My Wednesday blog post is designed to give me some more writing space. But in the last week, Syriza has lost the Greek election (about time) and the British Labour Party confirms it is more interested in satisfying the demands of the urban (London) middle classes and big business than keeping faith with its regional working class support base. That is a lot to consider. Tomorrow, I consider the Greek election. Today, I comment a little on the state of Brexit in the UK and the Labour Party surrender. And then I offer some great music (for those with similar tastes).
I saw a Tweet overnight suggesting the so-called progressive British Remainers had been a little quiet in recent days following the comical display of anti-democratic, corporatism aka filling leadership positions in the EU and the Eurozone.
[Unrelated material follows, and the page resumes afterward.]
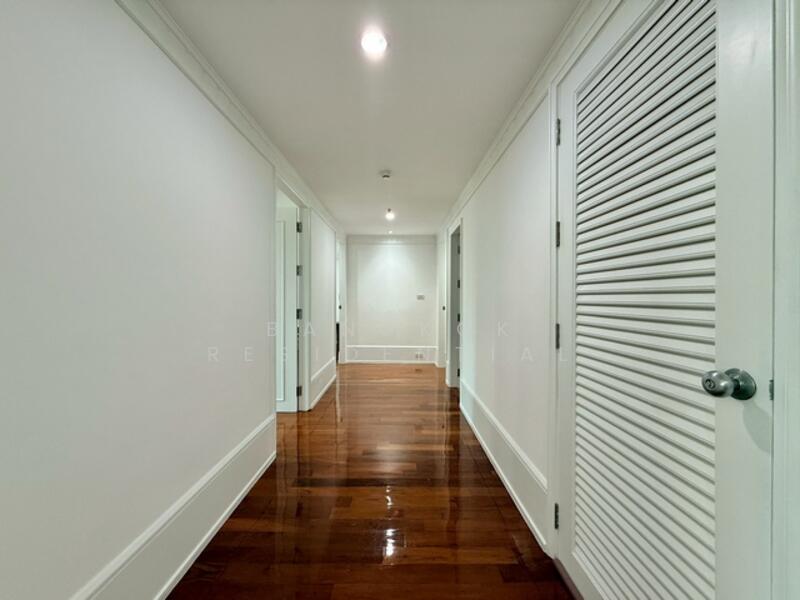 Insaf Tower, Bangkok, 26 Soi Sukhumvit 13, Bang Bon, Bang Bon, Bangkok, 3 Bedrooms, 234 sqm, Apartment For Rent, by Bangkok Residential, 500135544 - DDproperty.com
Where are they? Why aren’t they out there in the media (social or otherwise) extolling the virtues of their much-loved European Union, where progressive policies are the norm and the peoples’ interests are held above the narrow corporate interests? The problem is that they cannot show up at present. The EU has managed to appoint a cabal of new leaders, many of whom are plagued by past scandals, allegations of nepotism, convictions for negligence in public office, and the Presidential nominee is under investigation in the Bundestag and has been acknowledged as a failure in her management of the German defense department. Come to think of it they seem perfect for the top jobs in the EU. And how was this motley lot selected? By denying even the limited sense of democracy that has been present in this process in the past. It is beyond a joke. But then this is the Europhile cosmo left’s vision for the future. One could not dream all this stuff up one they tried.